Helston was granted its charter in 1201 and was originally a thriving port. However, as the river silted up over the years, the port gradually ceased to be. Where the river joined the sea is now Cornwall’s largest freshwater lake, separated from the sea by Loe Bar, a long sand bar.
The bustling market town hosts a mixture of Georgian and Victorian architecture. An outstanding feature at the end of Coinagehall Street is The Monument, which was built in 1834 in the memory of Humphry Millet Grylls, a local banker and solicitor whose actions kept open the local tin mine and saved 1200 jobs.
Also on Coinagehall Street is the Blue Anchor, originally a rest house for monks, which became a tavern in the 15th century. This is possibly the oldest private brewery in the country, selling the strong local brew, Spingo.
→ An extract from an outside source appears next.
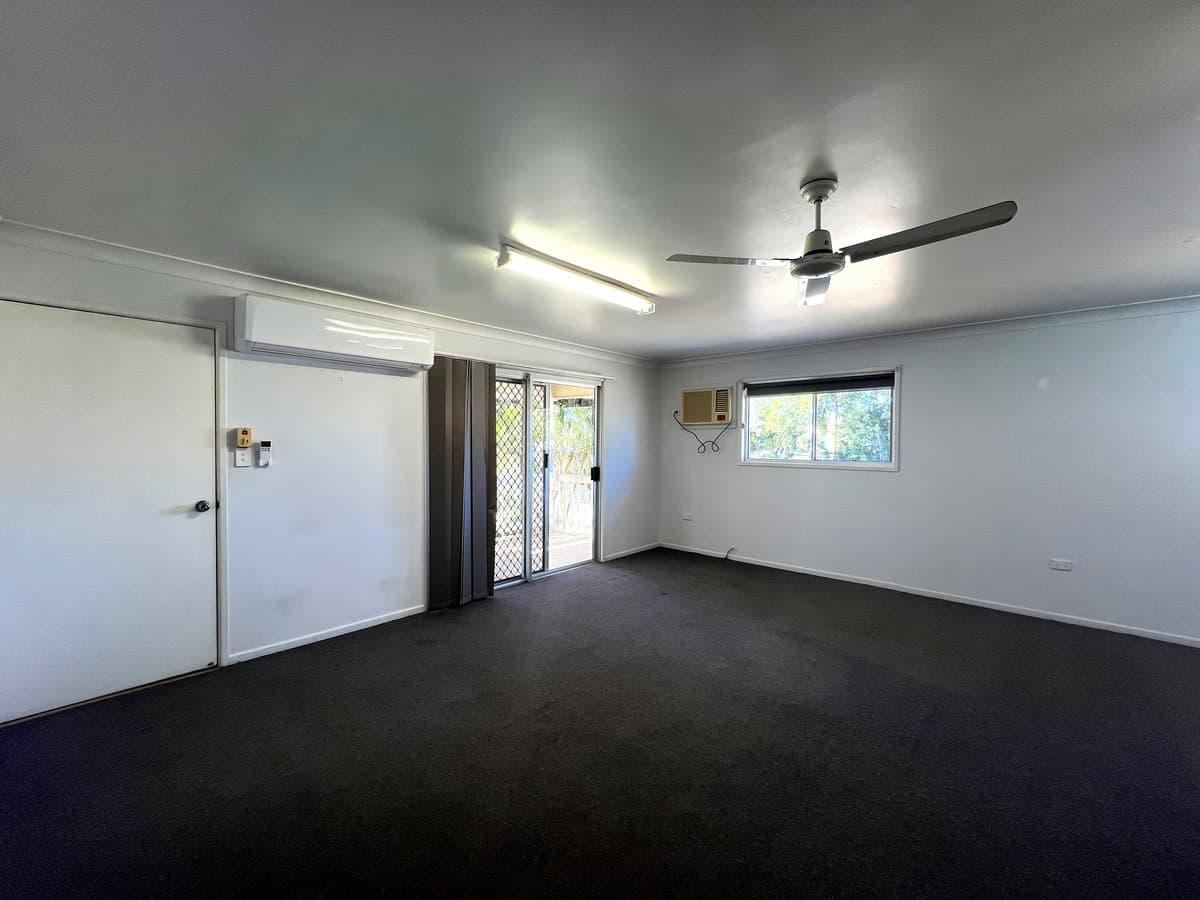 185 Borilla Street, EMERALD QLD 4720, Emerald - Thumbnail 4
Further up the street, is one of the oldest buildings in Helston, the Angel Hotel, former town house of the Godolphin family who represented Helston in Parliament for many years.
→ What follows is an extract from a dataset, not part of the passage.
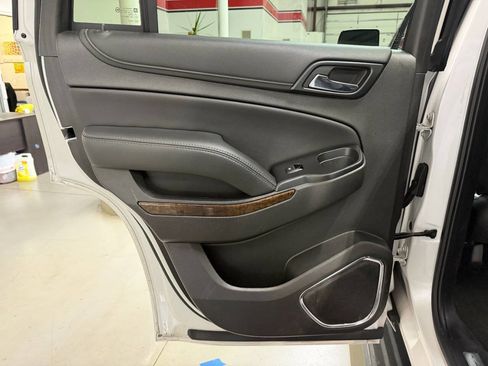 Used 2018 Chevrolet Tahoe LT AWD/4WD image 12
The Guildhall is just by the traffic lights. In the past it has been a market house and Magistrates’ Court but today it is the Town Hall with the Council Chamber on the first floor. The ground floor is still known as the Corn Exchange, where there are frequent coffee mornings, craft markets and jumble sales.
More about the town can be found out in the Helston Folk Museum which is free. The museum is in the former butter market, built in 1837. Outside is a cannon taken from HMS Anson, wrecked at Loe Bar in 1807. There are frequent exhibitions in the mezzanine gallery. There is also information there about Bob Fitzsimmons, one of Helston’s most famous residents. A plaque on the wall of a cottage in Wendron Street marks his birthplace. Born in 1863, he was the first man to be world middleweight, light heavyweight and heavyweight boxing champion. He retired in 1914 and died in Chicago three years later. Until 1999, he was the only British World Heavyweight Boxing Champion.
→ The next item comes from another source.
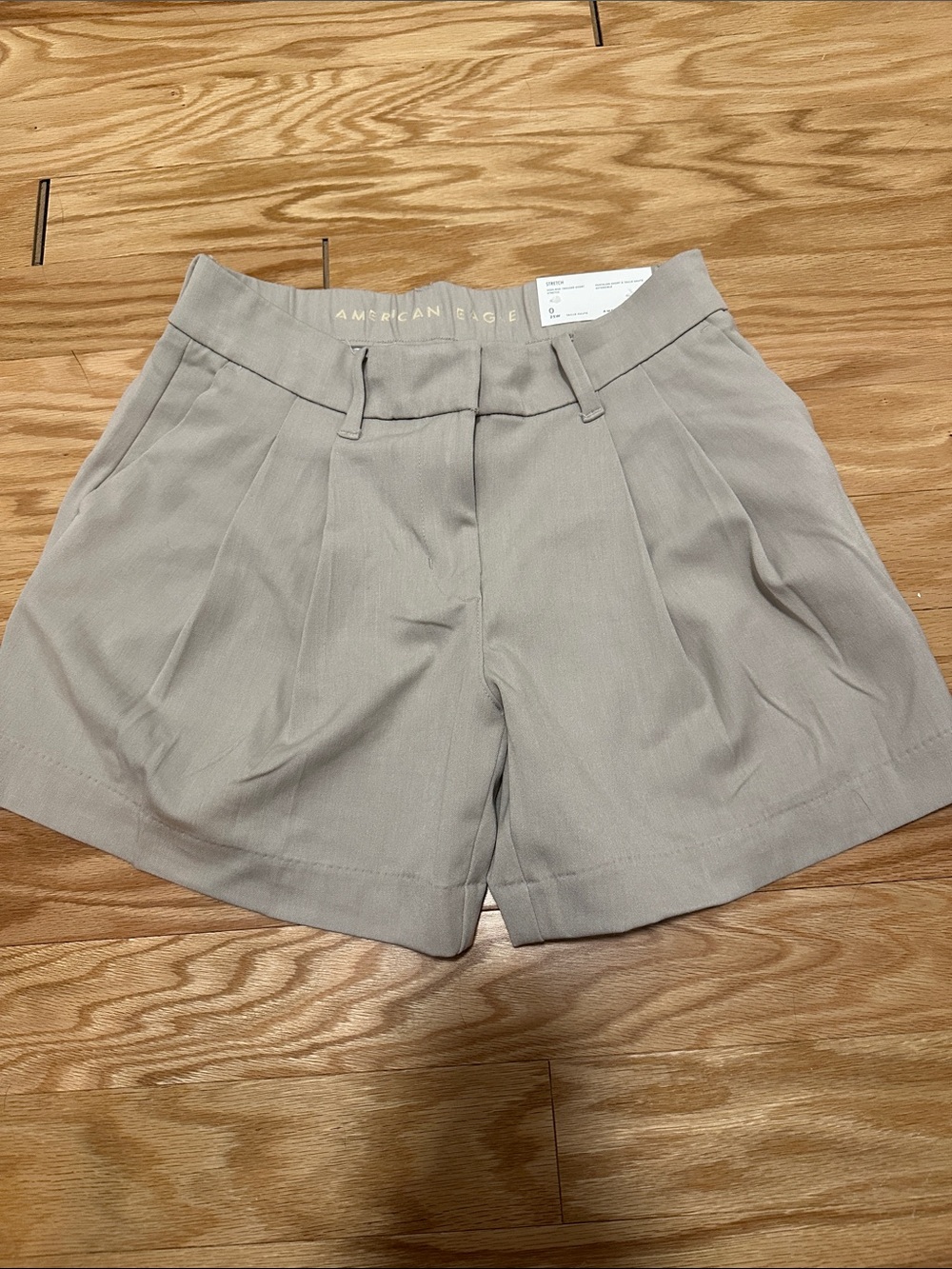 American Eagle Outfitters Pleated High-Waist Shorts - Light Taupe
Not far from the museum is St Michael’s Church, also worth a visit. It contains some fine Elizabethan brasses and an impressive 24 branch chandelier, given by the Earl of Godolphin in 1763.
Heading out of Helston towards Porthleven is past the Coronation Park & Boating Lake. Not far away is the Penrose Estate offering some beautiful woodland walks. Porthleven is a charming fishing harbour and world class surf break. A little further along the coast, towards Penzance, Praa Sands is a beach with a mile of sand, quality surf and all year lifeguards.
There are several good restaurants in the area and many country pubs serving meals in the villages around. Helston is the gateway to the Lizard peninsula and to the Helford River. A trip through the Helford valley is an opportunity to visit some beautiful villages such as St Anthony in Meneage and Helford Village. A little further afield is the village of , approached from Helford Passage on the north bank of the river. A ferry runs across the river here in the summer months.